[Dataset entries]
::::

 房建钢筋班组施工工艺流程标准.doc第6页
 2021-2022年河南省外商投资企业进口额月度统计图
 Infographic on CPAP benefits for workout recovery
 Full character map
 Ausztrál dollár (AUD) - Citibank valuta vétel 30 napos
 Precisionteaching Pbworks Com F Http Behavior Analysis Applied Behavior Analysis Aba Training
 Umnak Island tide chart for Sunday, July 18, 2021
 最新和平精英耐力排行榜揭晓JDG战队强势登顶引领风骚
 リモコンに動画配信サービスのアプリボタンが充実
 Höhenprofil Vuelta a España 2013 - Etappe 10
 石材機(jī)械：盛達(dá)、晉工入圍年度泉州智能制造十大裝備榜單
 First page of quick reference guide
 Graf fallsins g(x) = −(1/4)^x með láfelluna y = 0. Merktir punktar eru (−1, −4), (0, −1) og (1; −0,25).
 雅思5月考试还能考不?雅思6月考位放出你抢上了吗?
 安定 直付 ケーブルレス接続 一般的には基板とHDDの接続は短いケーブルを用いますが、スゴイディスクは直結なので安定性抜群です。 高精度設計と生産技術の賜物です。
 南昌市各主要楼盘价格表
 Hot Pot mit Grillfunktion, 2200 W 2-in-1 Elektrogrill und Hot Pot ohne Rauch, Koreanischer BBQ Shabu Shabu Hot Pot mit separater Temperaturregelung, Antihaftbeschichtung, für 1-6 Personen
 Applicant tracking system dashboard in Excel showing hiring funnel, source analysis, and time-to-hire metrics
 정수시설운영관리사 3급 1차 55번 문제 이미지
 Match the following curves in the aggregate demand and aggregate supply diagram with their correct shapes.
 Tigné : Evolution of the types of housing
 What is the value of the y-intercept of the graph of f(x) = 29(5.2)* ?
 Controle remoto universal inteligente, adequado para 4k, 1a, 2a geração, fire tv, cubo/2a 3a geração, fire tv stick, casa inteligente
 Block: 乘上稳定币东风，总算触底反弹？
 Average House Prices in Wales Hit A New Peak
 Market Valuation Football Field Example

::::

The response should consist of all the entries, copied without any alteration.

 房建钢筋班组施工工艺流程标准.doc第6页
 2021-2022年河南省外商投资企业进口额月度统计图
 Infographic on CPAP benefits for workout recovery
 Full character map
 Ausztrál dollár (AUD) - Citibank valuta vétel 30 napos
 Precisionteaching Pbworks Com F Http Behavior Analysis Applied Behavior Analysis Aba Training
 Umnak Island tide chart for Sunday, July 18, 2021
 最新和平精英耐力排行榜揭晓JDG战队强势登顶引领风骚
 リモコンに動画配信サービスのアプリボタンが充実
 Höhenprofil Vuelta a España 2013 - Etappe 10
 石材機(jī)械：盛達(dá)、晉工入圍年度泉州智能制造十大裝備榜單
 First page of quick reference guide
 Graf fallsins g(x) = −(1/4)^x með láfelluna y = 0. Merktir punktar eru (−1, −4), (0, −1) og (1; −0,25).
 雅思5月考试还能考不?雅思6月考位放出你抢上了吗?
 安定 直付 ケーブルレス接続 一般的には基板とHDDの接続は短いケーブルを用いますが、スゴイディスクは直結なので安定性抜群です。 高精度設計と生産技術の賜物です。
 南昌市各主要楼盘价格表
 Hot Pot mit Grillfunktion, 2200 W 2-in-1 Elektrogrill und Hot Pot ohne Rauch, Koreanischer BBQ Shabu Shabu Hot Pot mit separater Temperaturregelung, Antihaftbeschichtung, für 1-6 Personen
 Applicant tracking system dashboard in Excel showing hiring funnel, source analysis, and time-to-hire metrics
 정수시설운영관리사 3급 1차 55번 문제 이미지
 Match the following curves in the aggregate demand and aggregate supply diagram with their correct shapes.
 Tigné : Evolution of the types of housing
 What is the value of the y-intercept of the graph of f(x) = 29(5.2)* ?
 Controle remoto universal inteligente, adequado para 4k, 1a, 2a geração, fire tv, cubo/2a 3a geração, fire tv stick, casa inteligente
 Block: 乘上稳定币东风，总算触底反弹？
 Average House Prices in Wales Hit A New Peak
 Market Valuation Football Field Example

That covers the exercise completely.